1/4/2021
The new year isn’t off to a great start, at least for Slack anyway. The workplace messaging platform suffered a more than three-hour outage on Monday that prevented some users from sending messages or connecting to the service at all. At ACTSmart IT, we use this app internally so I can feel everyone’s pain concerning this outage.

Slack was up and running again for many people around 1:00 pm eastern time, though the company said on its status page that it was still working to completely resolve the issues and that some customers “may experience degraded performance.”

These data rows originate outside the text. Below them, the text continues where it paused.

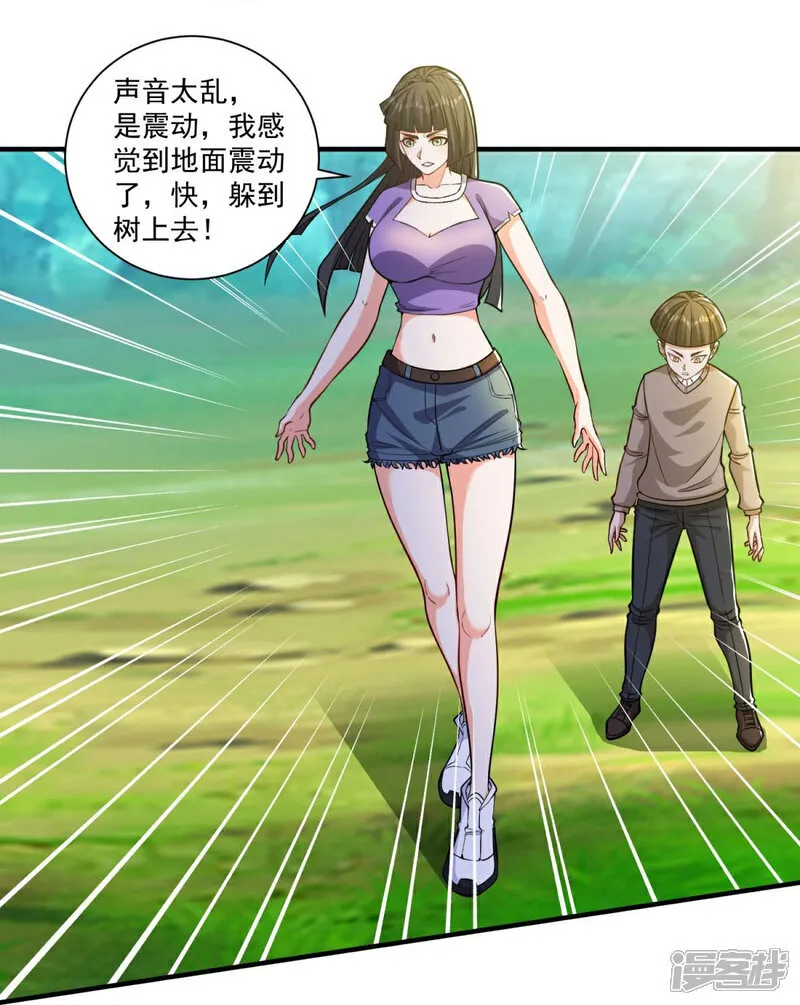 第35话 强劲的对手！19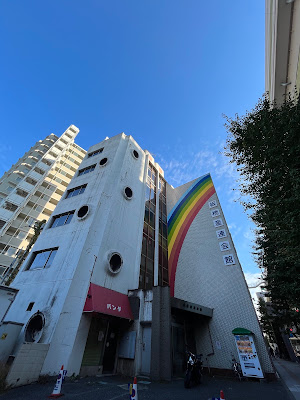 板橋産連会館 사진 2
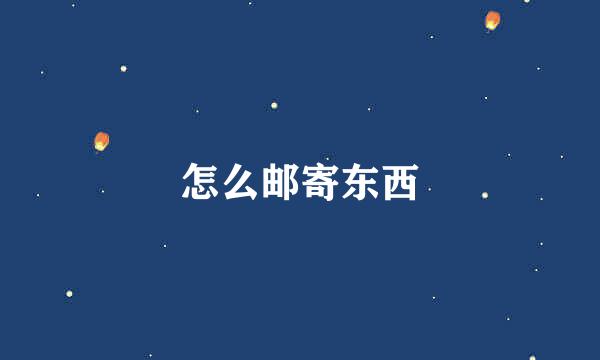 怎么邮寄东西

The company confirmed the outage with a post on its status page at 7:14 a.m. “Customers may have trouble loading channels or connecting to Slack at this time,” the company wrote. “Our team is investigating and we will follow up with more information as soon as we have it. We apologize for any disruption caused.”

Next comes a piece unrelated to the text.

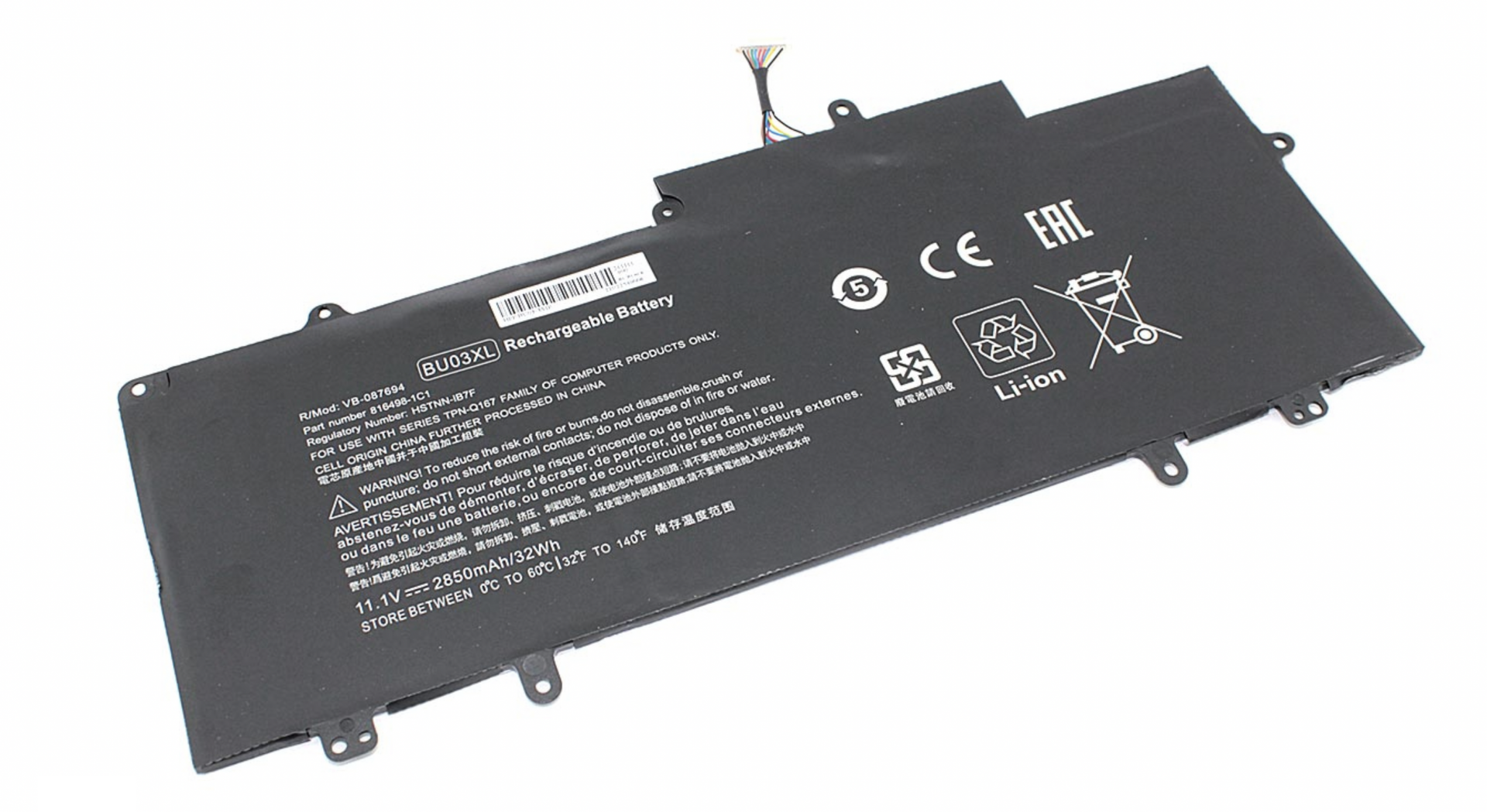 Аккумулятор Acer ﻿Chromebook 14-AK000NZ 11.1V, 2850mAh, OEM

It’s not clear what caused the outage or when normal service will be fully restored. “We’re continuing to investigate connection issues for customers, and have upgraded the incident on our side to reflect an outage in service, the company posted at 8:20 a.m. PT. “All hands are on deck on our end to further investigate.” A spokesperson for Slack pointed to the @SlackStatus Twitter account for updates.

Slack is in the process of being acquired by business software giant Salesforce for $27.7 BILLION, a deal announced in December. Salesforce intends to integrate Slack into it’s software platform and their goal is to give Microsoft Teams a run for the money.

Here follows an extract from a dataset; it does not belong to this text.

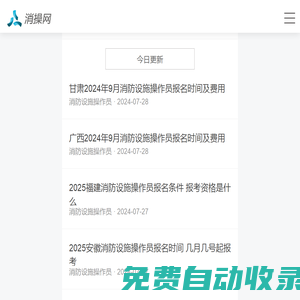 消防設施操作員證考試-消控證報考條件及入口-消操網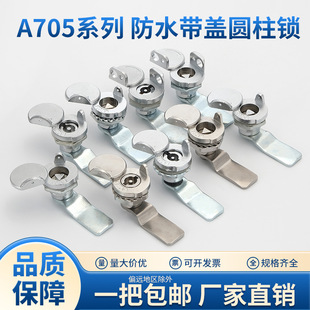 MS705-3A����ˮ�w�����iS�iо늙���늱���ˮ���iA705�U���T�i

There are some clear upsides for both companies. Salesforce can tap into a collaboration platform used daily by millions of knowledge workers and open a new front in its battle with Microsoft, while Slack gets to reignite its slowing growth under the ownership of a cloud giant with a global network of the enterprise sales staff.

But what does the acquisition mean for the 142,000 businesses already using Slack, and the 12 million users who fire up the application each workday? Any acquisition involves a degree of uncertainty for existing customers, and Salesforce’s buyout of Slack is no different.

Initial comments from Salesforce indicate that Slack will become the new interface for Customer 360, the data platform that connects Salesforce’s various apps spanning sales, marketing, analytics, workflow integration and more.

The statement announcing the acquisition put it this way: “Slack will be deeply integrated into every Salesforce Cloud. As the new interface for Salesforce Customer 360, Slack will transform how people communicate, collaborate and take action on customer information across Salesforce as well as information from all of their other business apps and systems to be more productive, make smarter, faster decisions and create connected customer experiences.”

That sound pretty much like how Microsoft markets their TEAMS application. Only time will tell where this will end up but you can bet there will be far more competition between Salesforce and Microsoft which usually means good things for all of us consumers.